Rahmetli babaannem pirinç ayıklıyordu.
Bir tane yere düştü.
Babaannem eğildi,
aramaya başladı.
Sağa bakıyor, sola bakıyor, bulmaya çalışıyordu .
Çocukluk iste,

-Aman babaanne dedim.
- Bir pirinç tanesi için bu kadar caba harcamaya, yorulmaya değer mi?
Rahmetli ilk defa sertleşti bana karsı, öfkeyle doğruldu.
-Sen oturduğun yerden ahkam kesiyorsun, ' dedi.
- Hiç pirinç üretilirken gördün mü? İnsanlar ne kadar zorluk çekiyorlar. Bir pirinç tanesinde kaç insanin göz nuru, alin teri, emeği, çilesi var biliyor musun?'
Utancımdan kıpkırmızı olmuştum.

Aradan yıllar geçti.
Hukuk Fakültesinde öğrenciyim.
Alain'in proposlarini okuyorum.
Birden irkildim.
Babaannemi hatırladım.
Alain, bir insan yerde bir iğne görüp de eğilip almazsa, bütün uygarlığa
karsı ihanet etmiş olur diyordu.
İlave ediyordu.
Bir iğnenin üretiminde binlerce insanin alin
teri, göz nuru, el emeği vardır diyordu.

On dokuz yıl evveldi.
Stockholm'e gitmiştim. Bir otele indim.
Geceydi. Sabahleyin, tras olmak i cin
lavaboya gittiğimde, aynanın yanında ilginç bir not gördüm.
'Lütfen traştan sonra jiletinizi çöpe atmayın,
yanda bir kutu var oraya bırakın, bir tek jiletle dahi olsa, Isvec
çelik sanayisine yardımcı olun' diyordu.
Doğrusu hayretler içinde kaldım.
Çocukluğumdan beri çelik eşya denince akla Isveç çeliği gelir.
Birçok eşya üzerinde' Isveç çeliğinden yapılmıştır' diye yazardı.
İşte o ülke, kullanılmış bir tek ufacık
jiletin bile çöpe gitmesini istemiyor, ona sahip çıkıyor,
gelen turistlere rica yollu uyarıda bulunuyordu.

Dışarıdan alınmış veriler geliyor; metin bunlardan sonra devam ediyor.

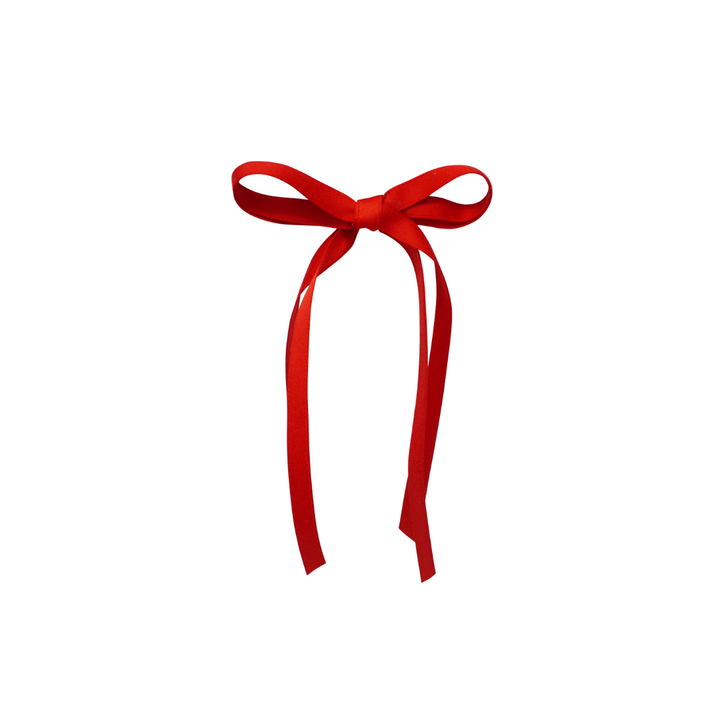 clip thin dainty satin bow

Isvicre'de zaman, zaman, belli periyotlarda radyolar, televizyonlar bir haberi duyurur.
'Şu tarihte, şu saatte, adamlarımız gelecek.
Siz lütfen hazırlığınızı yapın. Okumadığınız, ilgilenmediğiniz, kullanmadığınız ne kadar kitap, dergi, gazete varsa,
kağıt, ambalaj, kutu varsa, velev ki, bir ilaç prospektüsü dahi olsa,
kapının önüne koyun. Isviçre'nin kalkınmasına yardımcı olun. Fazla
ağaç ziyanına engel olun.'

Japonlar son derece sade, basit, yalın mütevazi yasayan insanlardır.
Evlerini mobilya ile eşya ile dolduranlar Japonlara göre ruhen tekamül edememiş,
hayatin manasını anlayamamış, zavallı kimselerdir. .
Böyleleriyle; evini mezat salonuna cevirmiş zavallı, diye eğlenirler.
Bir insanin gösteriş için eşyanın esiri olması ne kadar acıdır.
Vaktiyle Japon ekonomisi darboğazdan geçiyor. Iç borçlar, dış borçlar gırtlağı aşıyor.
Zamanın başbakanı meclisi toplar.
Kürsüye çıkar.
Durumu olanca açıklığı ve tehlikeleri ile anlatır ve;

-Şu andan itibaren der,

-Tanrı şahidim olsun ki, Japonların iç ve dış borçları son kurusuna kadar ödenmeden,
pirinçten başka bir şey yemeyeceğim.
-Su üstümdeki elbiseden başka elbise giymeyeceğim.
Dediklerini yapar, en üstten en alta bir israftan kaçınma kampanyası açılır.
Japonya bütün borçların öder. Bu durumun toplumun
bütün kesimlerini, tek istisna olmadan
kapsadığını söylemeye gerek yok.
Geçenlerde Japon imparatorunun sarayını gördüm.
Yarabbim, ne kadar sade, ne kadar mütevazi, ne kadar gösterişten uzak...”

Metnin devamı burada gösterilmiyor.